In 1994, Fergerson joined the Al Checchi for Governor Campaign. Fergerson spent the next year and a half as one of Al's ‘kitchen cabinet’ advisers, a group that provided statewide advice for the campaign. He was campaign director for Orange County, San Diego County and Northern Mexico, a strategic trading partner for the State of California. After Checchi's defeat, in conjunction with the Staubach Real Estate Company, Fergerson worked to develop living wage opportunities for residents of Harlem.

When Fergerson discovered that Harlem had not had high school football for 62 years, he called all 13 Harlem-based principals and devised and presented a plan to the Chancellor of the NYCDOE that would unite them all into one community high school football team.
The plan, which is currently used by the New York School system, is the blueprint by which the schools organize on all levels so that students can participate in combined community sports teams while continuing to attend their individual schools. It was originally believed that the plan would take 5–6 years to complete, but Fergerson, through his grassroots efforts and diligence within the community and partnership with Columbia University, was able to complete it in 9 months. Chancellor Klein signed the waiver allowing the Harlem Hell-fighters to organize as a scholar/athlete program to serve the needs of the at-risk urban males of color. Within three years of participating in the Public School Athletic League, Fergerson took the 2007 Hellfighters to the city championship game against John Adams High School, losing 58–42.
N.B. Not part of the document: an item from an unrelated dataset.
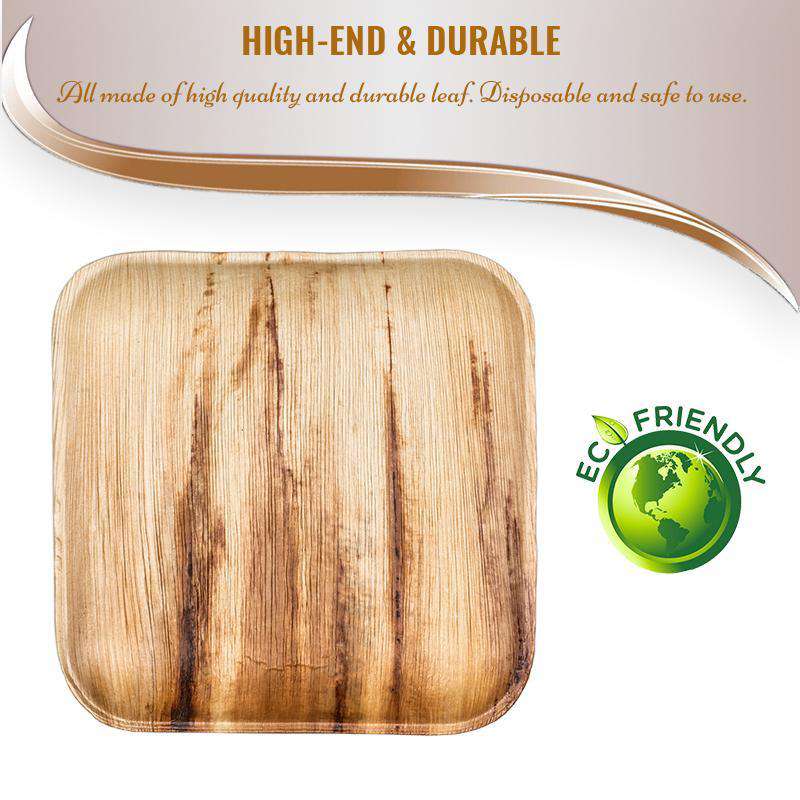 Square Palm Leaf Eco Friendly Disposable Buffet Plates - 9&#x22; (100 Plates)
In January 2007, Fergerson became the only New York state high school football coach ever chosen to
coach in the prestigious US High School Army All-America Bowl game in San Antonio, Texas. In March 2007, he was given a Lifetime Achievement Award by the Wheeler school in Providence, Rhode Island, and in September 2007, he was chosen by
Universal-McCann Erickson and the US Army as a COI: Center of Influence in aiding the Army's urban outreach programs. He was asked to meet with the Secretary of the Army in January 2008 and travel to the Pentagon to meet with Army brass in April 2008.